OpenType fonts can have thousands of different characters in them, instead of the old fonts that could only hold about 250. This means you can have a single font that has special characters like swashes, small caps, fractions and other cool features. We saw the small caps feature in an earlier movie. Now let's look at how to access some of the other cool OpenType characters. I'll double-click over here in this text frame to get the Type tool, and I'm going to select these numbers. The numbers look fine, but they are not really professional looking. Those are called lining numerals, and they are very good if you're trying to do something like an accounting spreadsheet, but when you're trying to make something really professional looking, it's nicer to use old-style numerals.

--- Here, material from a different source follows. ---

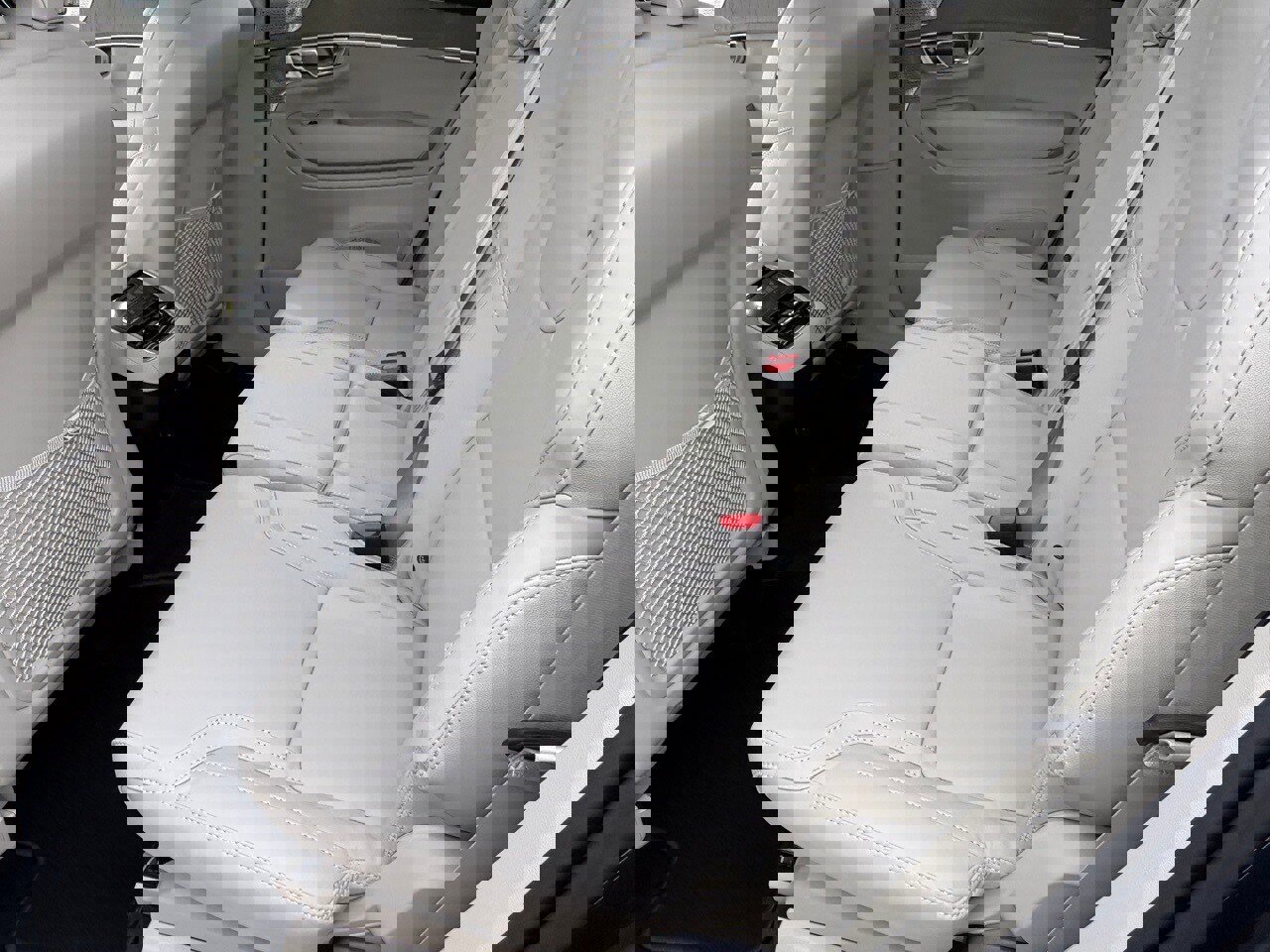 New 2026 Volvo XC90 B6 Ultra image 22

Some fonts such as Pro OpenType fonts have old-style numerals built-in and you can get them by going to the Control panel flyout menu, choosing the OpenType submenu, and then choosing Proportional Oldstyle down here at the bottom of the menu. Now before I select that, I want to point out something important about this menu. When a font is missing a special feature, it has brackets around it. For example, this font does not have any swashes, so there are brackets around the word Swash. But it does have Proportional Oldstyle characters, because it does not have any brackets.

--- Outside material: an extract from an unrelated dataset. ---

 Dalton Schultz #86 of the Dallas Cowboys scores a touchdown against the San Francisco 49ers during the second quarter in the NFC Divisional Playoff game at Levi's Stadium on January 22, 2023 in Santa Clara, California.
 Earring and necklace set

When I select that, you'll see the characters change radically. They are just more elegant. They fit into a paragraph of text better. I'll scroll down here to paragraph number three to look at a couple other OpenType formatting options. Almost everyone needs to deal with fractions sooner or later. Here it says 2 3/4 Miles, but that 3/4 is really dumb looking. So I'm going to select the three quarters, 3/4, go to the OpenType submenu here in the Control panel menu, and choose Fractions. No brackets, so it must have some fractions built-in. There we go.
That looks much better. I do still have my extra space here, so I'm going to have to delete that manually just by clicking on it and pressing Delete. Now fractions are interesting, because some fonts only have a particular fraction characters built into them, like 1/2, 3/4, and so on, but they will not work with arbitrary fractions like this 22/7ths. Other fonts do work just fine. Let's see how it works here. I'll choose OpenType > Fractions, and we'll see that it works great, but that's one of those things that you just have to try out with the particular font that you're using.
Now here, 22/7ths Kms are on two different lines. So I'm going to select that and I'll use my No Break style that I talked about in an earlier movie to keep those together. That's better. There are all kinds of other options here. I'm going to select that th for 19th and make that an ordinal. That's an option here, there we go, Ordinal, and it kind of pops it up a little bit. Ordinals are not the same thing as a superscript or subscript. For example, I'll type O2 here to represent oxygen and I'll choose that two, and I've different options here in the OpenType submenu for Superscript or Subscript.
These characters are slightly different and smaller than ordinals, but you can see you've a lot of different options here. Setting all these kinds of special characters used to be a real pain, but these OpenType styling features change all that. Now, anyone can enjoy getting great looking typography.